The hotel lobby was crowded. Kendricks pushed his way to the desk and asked for a room.
“You gotta be kidding,” the clerk said, cleaning his fingernails with a penknife. “There ain’t been a room here since this morning.”
“Any other hotel in town?”
“Nope,” the clerk shrugged. He glanced slyly at Kendricks. “ ’Course, if ya don’t mind payin’ a little extra, I mought just manage to squeeze ya in with a feller in Room Twelve.”
“I don’t mind.”
“In that case it’ll be four dollars — in advance, that is.”
Kendricks paid him and laid his saddlebags on the desk.
“I’m going out for a while. Put these up for me.”

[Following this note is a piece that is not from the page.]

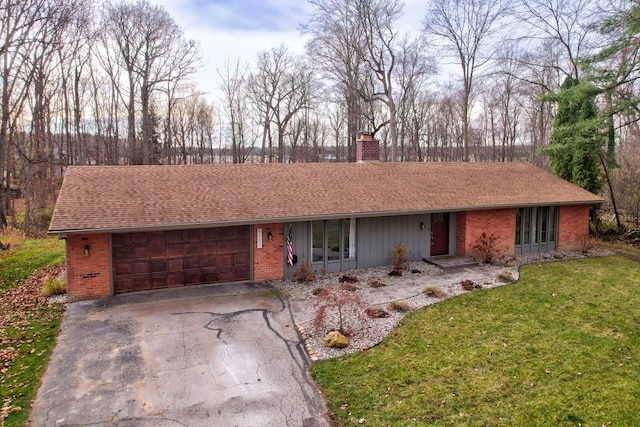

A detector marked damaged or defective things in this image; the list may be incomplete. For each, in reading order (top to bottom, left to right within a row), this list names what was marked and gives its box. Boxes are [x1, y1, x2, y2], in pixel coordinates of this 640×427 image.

cracked driveway [29, 282, 330, 426] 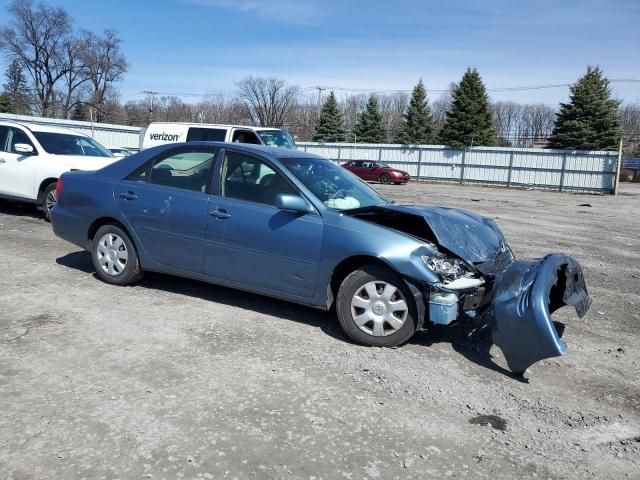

“Well, I dunno as I want—”
“Do it, and I’d not like to see anything happen to them.”
“All right. Yes, sir.”
Kendricks went back to the busy street. In the middle of the square formed by the town’s only crossroads a wooden structure towered stark and raw. Men were still working on it, clinging like flies to the two uprights, lifting a heavy cross beam into place.
Kendricks walked across the square and looked up at it. One of the onlookers nudged him with a bony elbow.
“Stranger here, ain’t ya? Never seen no better lookin’ gallows, now did ya? By golly, we don’t have many hangin’s, but when we do we fix things up good and proper.”
The thud of workmen’s hammers echoed back from the store fronts.
“Where’s the Sheriff’s office?” Kendricks asked.
“Right down there,” the man pointed with a gap-toothed grin. “Of Matt Starrett, he don’t go much for fancy hangin’s, but Geary had a lot of friends in these parts, and there ain’t a hell of a lot Of Matt ken do about it.”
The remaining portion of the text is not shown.